Nesta semana, o Brasil passou por uma sabatina no Conselho de Direitos Humanos da ONU, um exercício no qual todos os países são submetidos. Durante três horas, o governo Bolsonaro foi alvo de duras cobranças por parte de mais de centenas de governos. Oficialmente chamada de Revisão Periódica Universal (RPU), o encontro teve a presença da ministra da Família, Mulher e Direitos Humanos, Cristiane Britto.

No total, os governos apresentaram mais de 300 recomendações sobre temas como violência policial, indígenas, situação de mulheres, meio ambiente e dezenas de outros assuntos. Mas o governo Bolsonaro teria até fevereiro de 2023 para dar uma resposta e, nos bastidores, o pedido da equipe de transição foi para que nada fosse assumido pelo atual governo. Foi alertado ainda que tal gesto poderia não ser visto como uma “atitude republicana”.
Apesar do alerta, o Itamaraty submeteu nesta quinta-feira sua resposta para a ONU e, de fato, indicou que iria estudar a situação de mais de 250 recomendações.
Entre os temas que o governo prometeu avaliar está a proposta da Rússia e do Egito de se defender a “família tradicional”, um posicionamento considerado como ultra-reacionário ao não reconhecer a existência de outras formas de família e apenas dar atenção ao modelo com um homem e uma mulher.
Surpreendeu ainda o fato de que o governo deixou de fora da lista 17 itens recomendados, entre eles a questão da demarcação de terras e a garantia de saúde sexual e reprodutiva para mulheres e meninas. Também ficou de fora a proposta de descriminalizar o aborto.
Um dos pontos rejeitados pelo governo foi a proposta da Noruega para que o país “complete processos pendentes de demarcação de terras, rejeitar tese “marco temporal” e assegurar que os Povos Indígenas sejam protegidos de ameaças, ataques e expulsões forçadas”.

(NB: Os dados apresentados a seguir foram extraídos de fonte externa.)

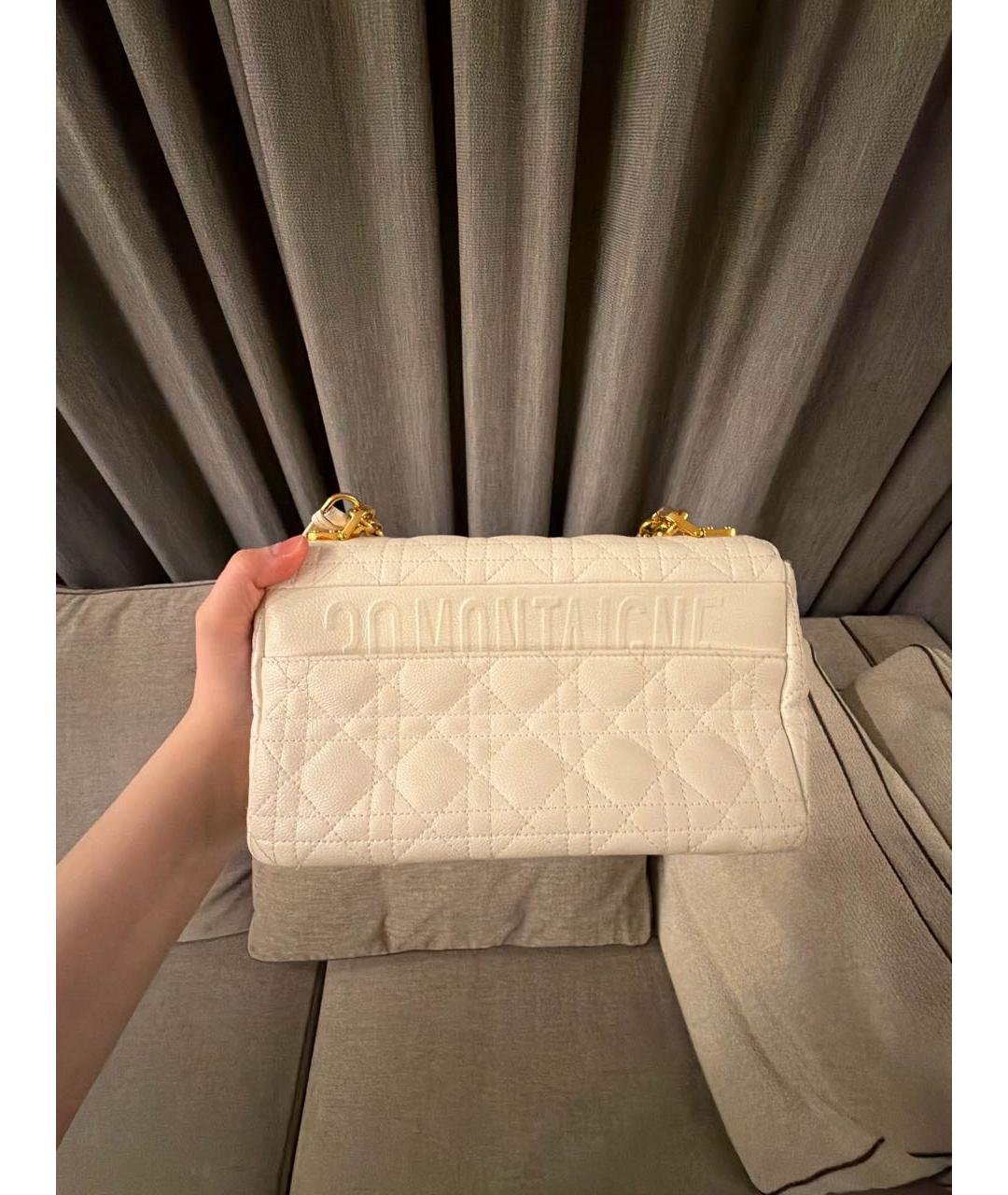 CHRISTIAN DIOR Белая кожаная сумка через плечо, фото 3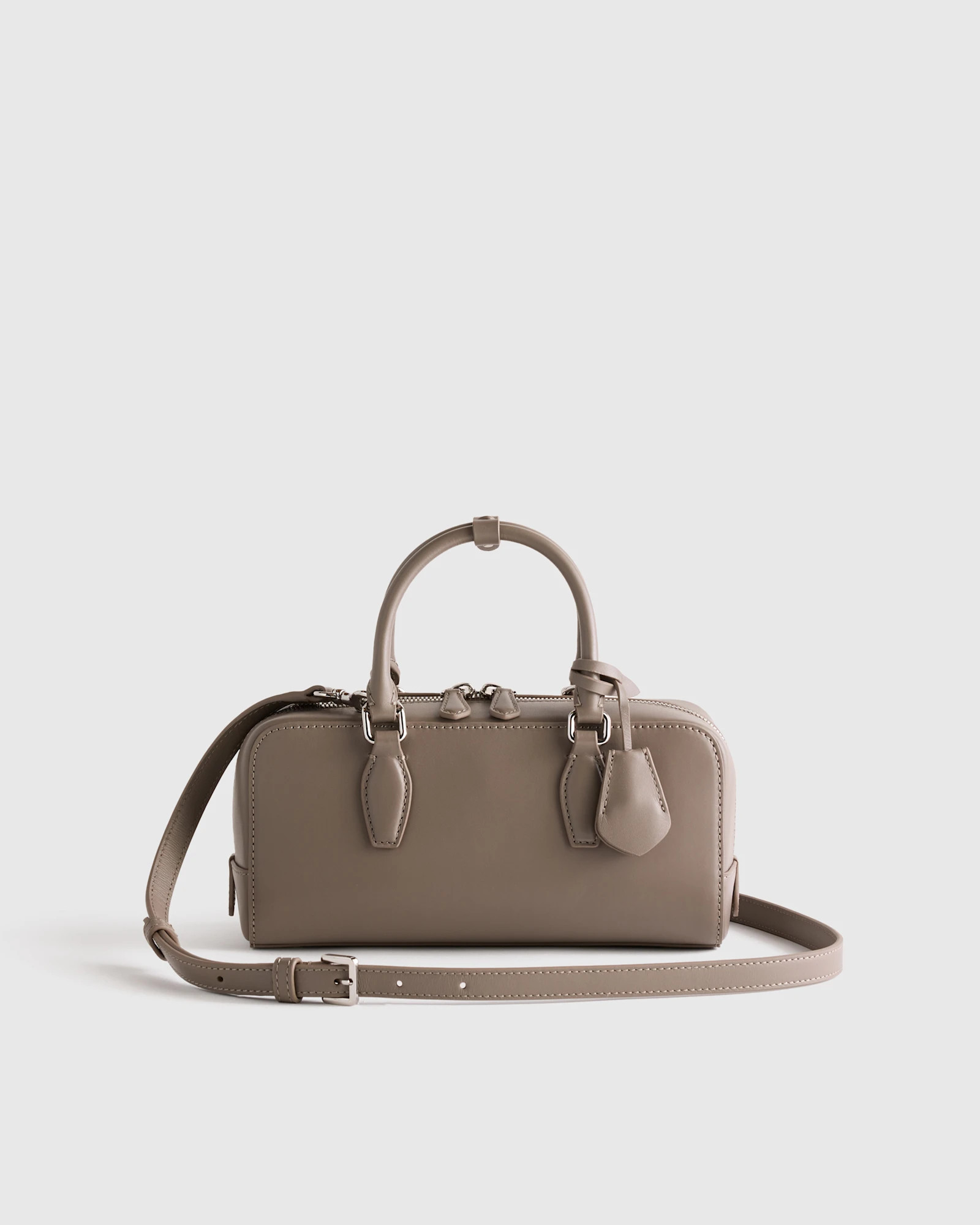 Quince | Women's Italian Leather Mini Bowler Crossbody Satchel in Black | Quince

Na linguagem diplomática, o governo Bolsonaro indicou que “toma nota” de propostas, uma forma de dizer que não vai considerar a seguinte lista de recomendações internacionais:
Aprovar legislação para assegurar a plena implementação da decisão da Suprema Corte Federal que criminaliza a homofobia e a transfobia (Islândia);
Tomar medidas para aprovar a legislação para garantir a plena implementação da decisão da Suprema Corte Federal relativa à criminalização da homofobia e da transfobia, prevendo medidas de proteção e investimentos em instalações públicas para cuidados e proteção abrangentes
(Malta);

Garantir o acesso efetivo aos direitos de saúde sexual e saúde reprodutiva (França);
Garantir o acesso de todos à atenção à saúde sexual e reprodutiva, inclusive para HIV/AIDS, atenção pré-natal, contracepção e aborto seguro, sem discriminação ou necessidade de autorização judicial, e assegurar protocolos de atenção ao aborto sensíveis à idade (Nova Zelândia);
Aborto e saúde sexual
Assegurar o acesso à saúde sexual e reprodutiva e direitos para todos, descriminalizar o aborto e introduzir legislação para proporcionar acesso ao aborto seguro (Noruega);
Assegurar o direito à educação e à saúde, assegurando um currículo adequado à idade sobre gênero e educação sexual nas escolas, visando prevenir infecções sexualmente transmissíveis, gravidezes indesejadas, bem como violência e desigualdade baseadas no gênero (Dinamarca);
Assegurar, sem discriminação e levando em conta os desafios estruturais das populações mais vulneráveis, acesso efetivo a cuidados e serviços de saúde sexual e reprodutiva de qualidade, inclusive ao aborto, e a informações cientificamente fundamentadas (Suíça);
Intensificar os esforços para garantir uma aplicação correta, efetiva e abrangente das políticas de direitos sexuais e reprodutivos (Argentina);
Garantir o direito das mulheres a ter livre acesso a abortos seguros e legais, sem obstáculos burocráticos ou discriminação, e em condições que satisfaçam a necessidade de privacidade, respeito e apoio (Austrália);
Descriminalizar o aborto, introduzir legislação para proporcionar acesso ao aborto seguro e garantir o acesso à saúde e direitos sexuais e reprodutivos para todos (Islândia);
Completar processos pendentes de demarcação de terras, rejeitar tese “marco temporal” e assegurar que os Povos Indígenas sejam protegidos de ameaças, ataques e expulsões forçadas (Noruega);
Fortalecer o Conselho Nacional de Direitos Humanos e alinhá-lo com os Princípios de Paris (África do Sul);
Assegurar a conformidade do Conselho Nacional de Direitos Humanos com os Princípios de Paris (Iraque);
Alinhar o funcionamento do Conselho Nacional de Direitos Humanos com os Princípios de Paris (Benin);
Intensificar os esforços para assegurar que o Conselho Nacional de Direitos Humanos se torne totalmente conforme com os Princípios de Paris, em particular através do fortalecimento de sua independência administrativa (Djibuti);
Alinhar o Conselho Nacional de Direitos Humanos com os Princípios de Paris (Zâmbia);
Tomar outras medidas para fortalecer a independência administrativa do Conselho Nacional de Direitos Humanos (Geórgia);
Consultado, o governo indicou que tal medida foi tomada por conta de “questões legais” e de “valor”. Mas a decisão por parte do governo Bolsonaro deixou a sociedade civil e deputados contrariados.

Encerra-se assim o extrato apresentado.